Bölüm 3

220 10 135
                                    

    Oy vermeyi ve yorum yapmayı unutmayın ♥️♥️♥️

   Hafta içinin son gününün ortalarındaydık artık. Okulun bitmesine ve eve gitmeme sadece bir ders kalmıştı ve en sevdiklerimden, fizik. Neden mi seviyorum? Çünkü herkes yapamaz ve sevilmeyen şeyler bana her zaman daha cazip gelmiştir.

   Ebu Bekir Hoca: Evet arkadaşlar, bu soruyu kim yapmak ister?

    Elimi kaldırdım, evet sınıfta soru çözmek için falan elimi kaldırıyorum ve tahtaya çözümü açıklayıcı bir sekilde yazıp yerime geçiyorum. Sınıftakiler başta elimi kaldırmama ya da tahtada soru cozmeme şaşırsalar da alıştılar, Sude hariç. Hoca ile göz göze gelince bana başıyla tahtayı işaret etti ve ayağa kalkıp çözümü tahtaya açıklayıcı bir şekilde yazdım. İşlemler, ok isaretleri ve bazı anahtar kelimeler...

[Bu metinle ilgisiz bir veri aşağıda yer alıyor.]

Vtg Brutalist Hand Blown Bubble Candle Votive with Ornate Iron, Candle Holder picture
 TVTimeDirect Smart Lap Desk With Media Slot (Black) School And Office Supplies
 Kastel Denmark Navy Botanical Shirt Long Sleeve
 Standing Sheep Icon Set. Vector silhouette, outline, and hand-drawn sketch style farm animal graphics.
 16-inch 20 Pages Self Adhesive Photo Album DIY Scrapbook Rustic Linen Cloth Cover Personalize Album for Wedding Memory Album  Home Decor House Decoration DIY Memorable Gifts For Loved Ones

    "Eveet, anlamayan var mı?"

    "Ben anlamadım hocam, siz anlatır mısınız?"

    Sude'nin bunu gıcıklığına yaptığına adım kadar eminim ama gelin görün ki ona diyecek hiçbir şeyim yoktu.

    "Ben anlatabilir miyim hocam?"

    "Ece, şaşırtıyorsun kızım. Gel anlat bakalım."

    Ece nadir olarak yaptığı bir şekilde siyah saçlarını arkasına attı ve bence aşırı havalı yürüyerek tahtaya çıktı. Elinde kalem yokken soruyu anlatmak mı? Ne yapacağını gerçekten merak ediyordum. Önce soruyu tane tane okudu ve "Okuduğunu anlayabilen arkadaşlar zaten soruyu anlamıştır, bu da beynin düşünebilmesiyle alakalı tabii." dedi. Ardından yaptığım matematiksel işlemleri okudu ve okurken eliyle ok işaretlerini gösterdi.

    "Beynini kullanabildigini ve soruyu anladığını varsayarak devam ediyorum, bu işlemleri de ortaokul matematiginle bile yapabilirsin. Oklar da işlemlerin soruyla olan ilgisini yeteri kadar gösteriyordu. Kör değilsen anlamış olman gerek."

    Ece... Bu kız tam bir alfa. Ece aynı havalı yürüyüşüyle yanıma gelip oturduğunda yüzüme bile bakmadı, hey benim sana gözlerimle de olsa teşekkür etmeye hakkım vardı.

   "Keşke biraz daha kibar anlatsaydin Ece, neyse. Sude anlayip anlamadığını sormak isterdim ama artık anlamasan da anladığını söylersin, bu yüzden sormadan geçiyorum."

   Hoca başka bir soruya geçerken Melis arkasını dönüp Ece'nin yanağını sevdi, hem de kedi sever gibi. Kedi gibi. Kedi.

    "Asi kızım benim, nasıl da laf soktu o pisliğe."

    Ece önce Melis'in eline sonra Melis'e ölümcül bakışlarını atınca Melis yavaşça elini çekti.

    "Aman tamam ya, iyi ki bir sevelim dedik. Hıh."

    'Can neden konusmuyor?' dediğinizi duyar gibiyim, Can şu an uyumakla meşgul arkadaşlar. Ders bitip çıkış zili çaldığında Melis, Can'ı dürtüp seslense de uyanmadı. Edis, sabrı olmayan biri sanırım ve Can'ı tişörtünün ensesinden kaldırıp yere attı. Ciddiyim bunu yaptı ve Can yere düşünce küfrederek Edis'e baktı.

    "Abi seninle benimle derdin ne? Çok ciddi bir şekilde soruyorum bak, cevaplar mısın?"

   "Uyandırdım kardeşim, beğenmedin mi? Tüh ya bilseydim öperek uyandırırdım."

    "Saçmalama abi ya, seslenseydiniz uyanırdım ben zaten."

    Can'ın dediğine Arda hariç herkes gülüyordu. Arda nerdeyse hiç konuşmamıştı, konuştuğu da fısıltı halinde Edis'le sadece.